The recombinant human ABL1/GST chimera consists of 645 amino acids and predicts a molecular mass of 74 kDa. It migrates as an approximately 65 kDa band in SDS-PAGE under reducing conditions.
Supplied as sterile 50mM Tris, 100mM NaCl, 0.5mM PMSF, 0.5mM EDTA, 0.5mM Reduced Glutathione, pH 8.0 1. Normally 5 % - 8 % trehalose, mannitol and 0.01% Tween80 are added as protectants before lyophilization. Specific concentrations are included in the hardcopy of COA. 2. Please contact us for any concerns or special requirements.
Please refer to the specific buffer information in the hard copy of CoA.

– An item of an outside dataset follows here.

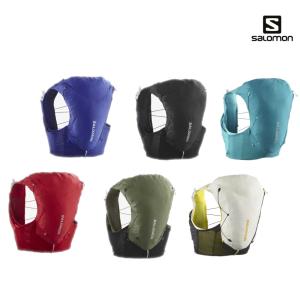 [新品 送料込] Sサイズ サロモン アクティブ スキン 12 ノー フラスク lc2177400-2.jpg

Kinases are highly recommended to be shipped at frozen temperature with blue ice or dry ice. Shipment made at ambient temperature may seriously affect the activity of the ordered products.
Stability & Storage
Samples are stable for up to twelve months from date of receipt at -20℃ to -80℃ Store it under sterile conditions at -20℃ to -80℃. It is recommended that the protein be aliquoted for optimal storage. Avoid repeated freeze-thaw cycles.
A hardcopy of COA with reconstitution instruction is sent along with the products. Please refer to it for detailed information.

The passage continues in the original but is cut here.